[ASSIGNMENT]:
An exact restatement of the data is required, with the images omitted.

(Image-caption web data)

----

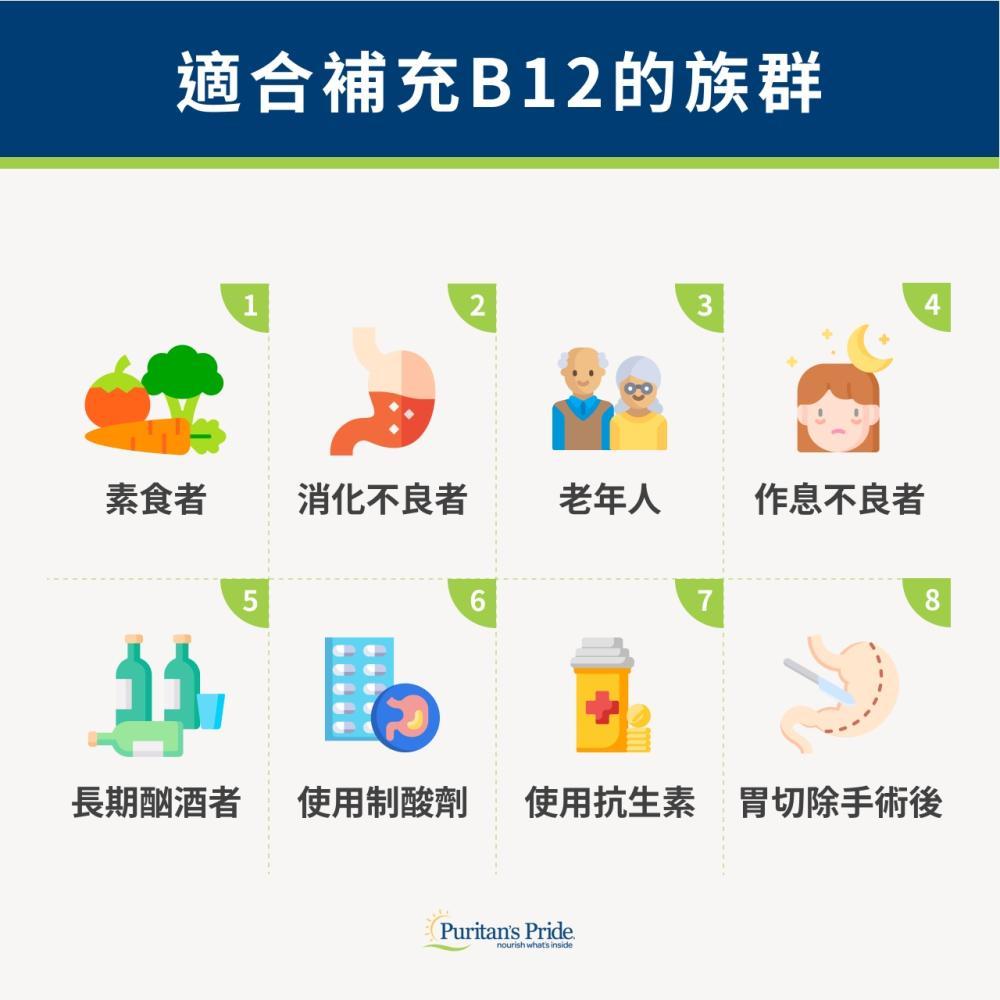 三、誰適合吃B12？8大維生素B12缺乏族群一次看！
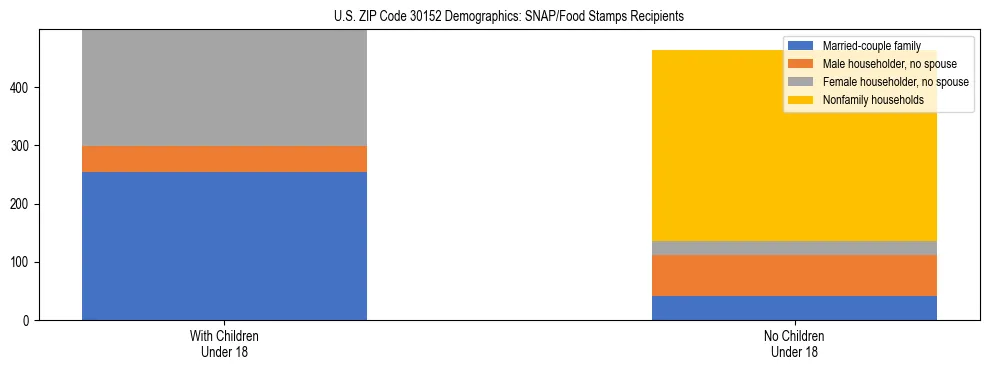Stacked bar chart showing SNAP/Food Stamps recipient household composition by presence of children under 18 in US ZIP Code 30152, based on 2023 ACS data.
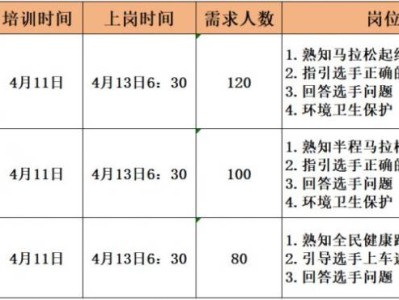 2025杨凌马拉松社会志愿者招募(时间+入口)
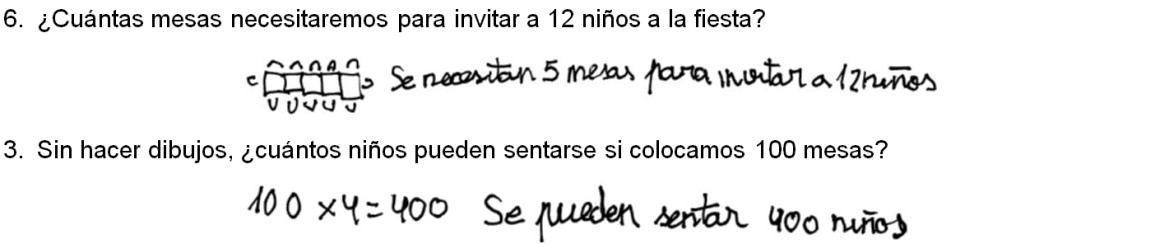 Respuestas de María, de 6º curso y nivel 3.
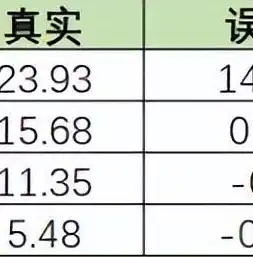 数据挖掘实用案例分析pdf，深度解析，数据挖掘实用案例分析解析与启示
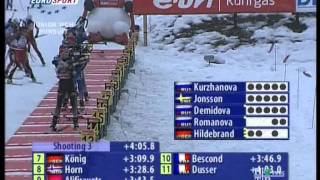 Junior pursuit Women under21 Последняя юниорская гонка Лены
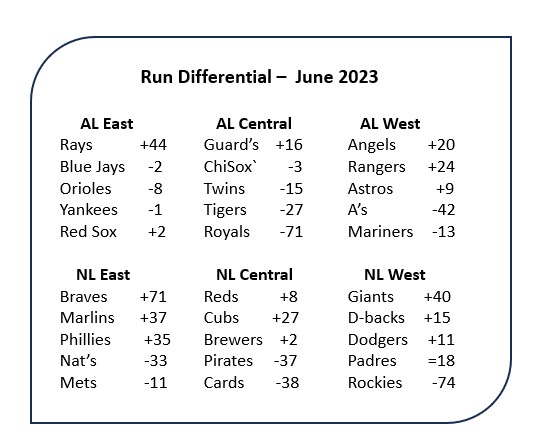 82  David Cone previews the 2023 MLB season (WS prediction, Cy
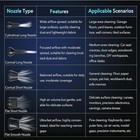 350w Cordless Jobsite Leaf Blower For Ryobi 18v  Blower Jet Fan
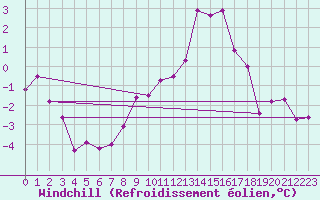 Courbe du refroidissement olien pour Luxeuil (70)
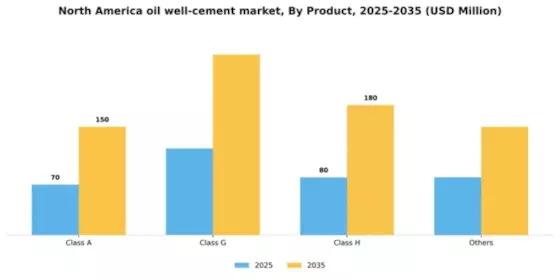 North America Oil Well Cement Market Segment Image 1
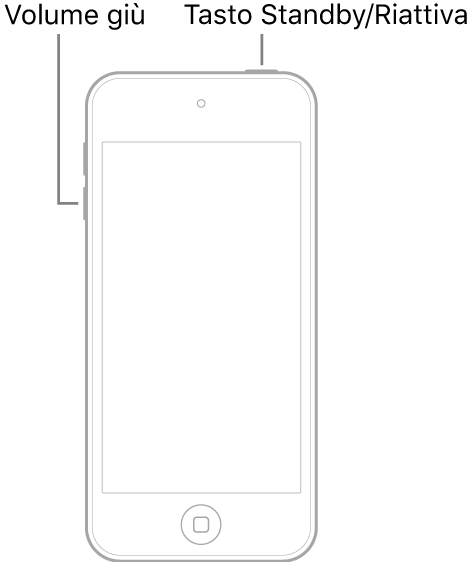 Immagine di iPod touch con lo schermo rivolto verso l’alto. Il tasto Standby/Riattiva viene mostrato in alto, mentre il tasto per abbassare il volume viene mostrato sul lato sinistro del dispositivo.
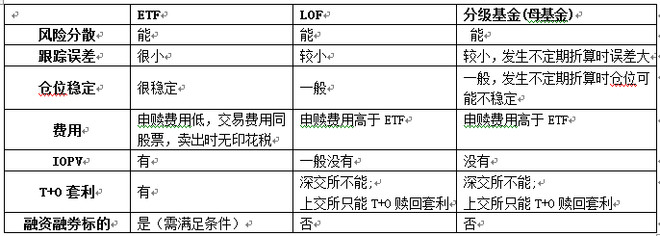 券商ETF: 华宝兴业中证全指证券公司交易型开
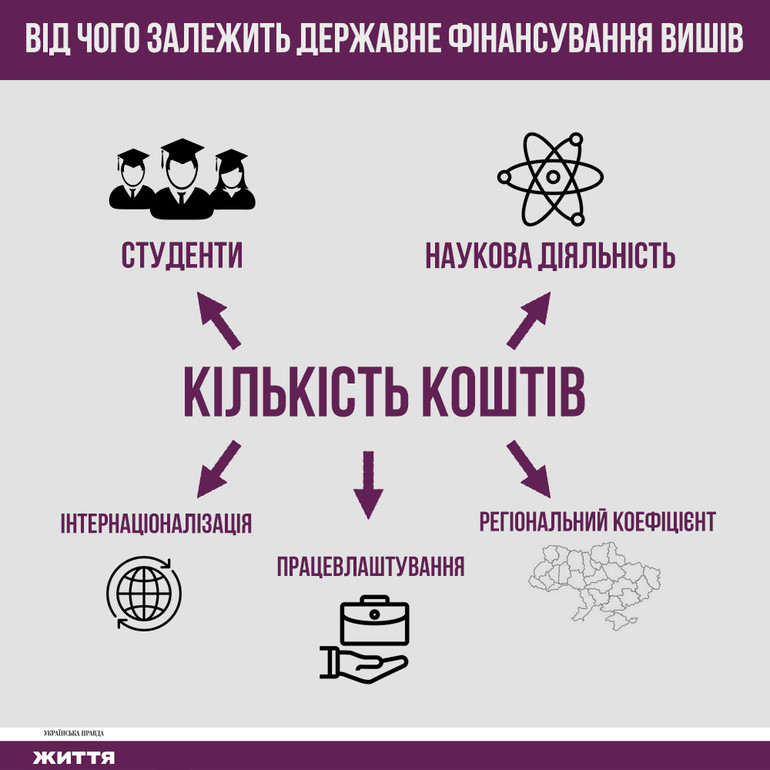 Формульний розподіл державного фінансування між закладами вищої освіти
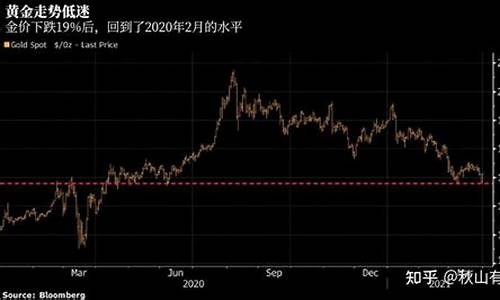 晚间金价会不会下跌_黄金晚上涨白天跌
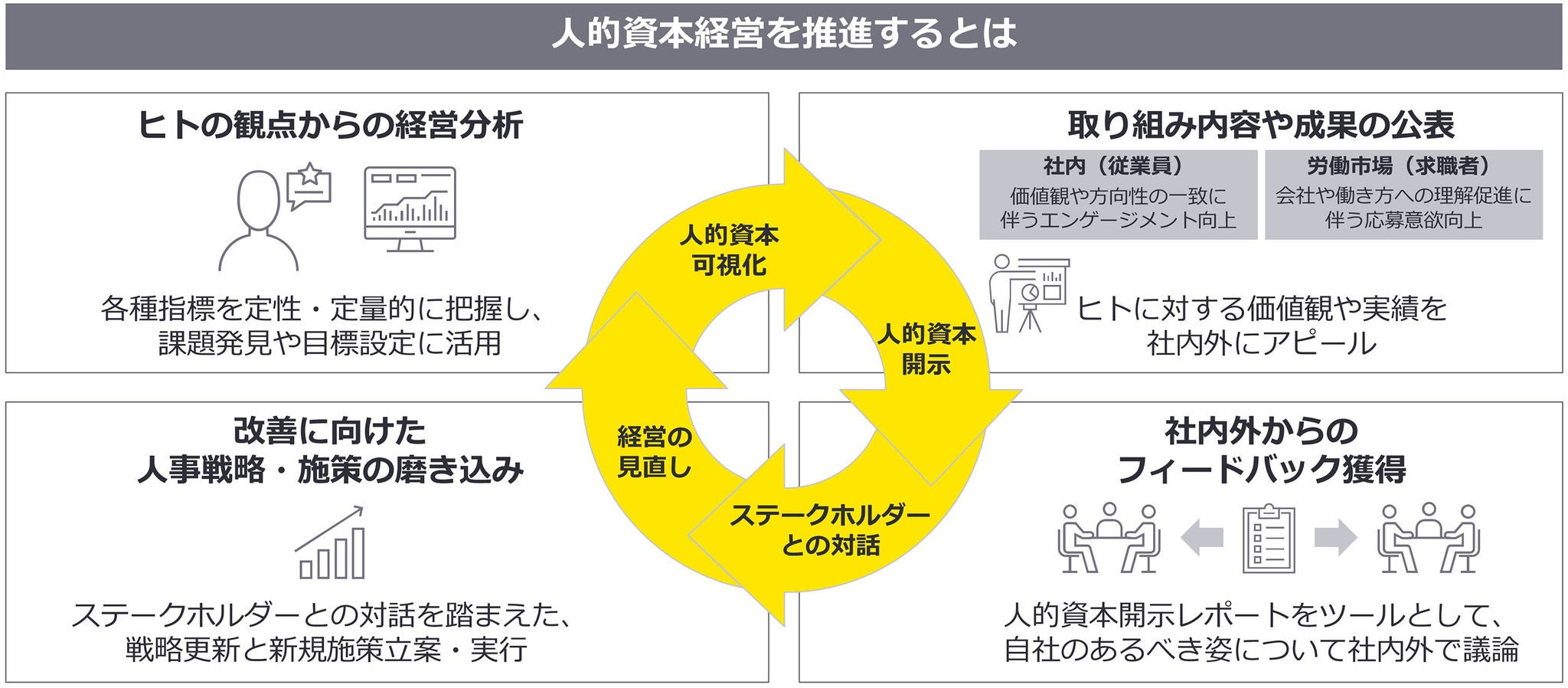 図-1人的資本経営を推進するとは（EY作成）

----

[ANSWER AREA]:
 三、誰適合吃B12？8大維生素B12缺乏族群一次看！
Stacked bar chart showing SNAP/Food Stamps recipient household composition by presence of children under 18 in US ZIP Code 30152, based on 2023 ACS data.
 2025杨凌马拉松社会志愿者招募(时间+入口)
 Respuestas de María, de 6º curso y nivel 3.
 数据挖掘实用案例分析pdf，深度解析，数据挖掘实用案例分析解析与启示
 Junior pursuit Women under21 Последняя юниорская гонка Лены
 82  David Cone previews the 2023 MLB season (WS prediction, Cy
 350w Cordless Jobsite Leaf Blower For Ryobi 18v  Blower Jet Fan
 Courbe du refroidissement olien pour Luxeuil (70)
 North America Oil Well Cement Market Segment Image 1
 Immagine di iPod touch con lo schermo rivolto verso l’alto. Il tasto Standby/Riattiva viene mostrato in alto, mentre il tasto per abbassare il volume viene mostrato sul lato sinistro del dispositivo.
 券商ETF: 华宝兴业中证全指证券公司交易型开
 Формульний розподіл державного фінансування між закладами вищої освіти
 晚间金价会不会下跌_黄金晚上涨白天跌
 図-1人的資本経営を推進するとは（EY作成）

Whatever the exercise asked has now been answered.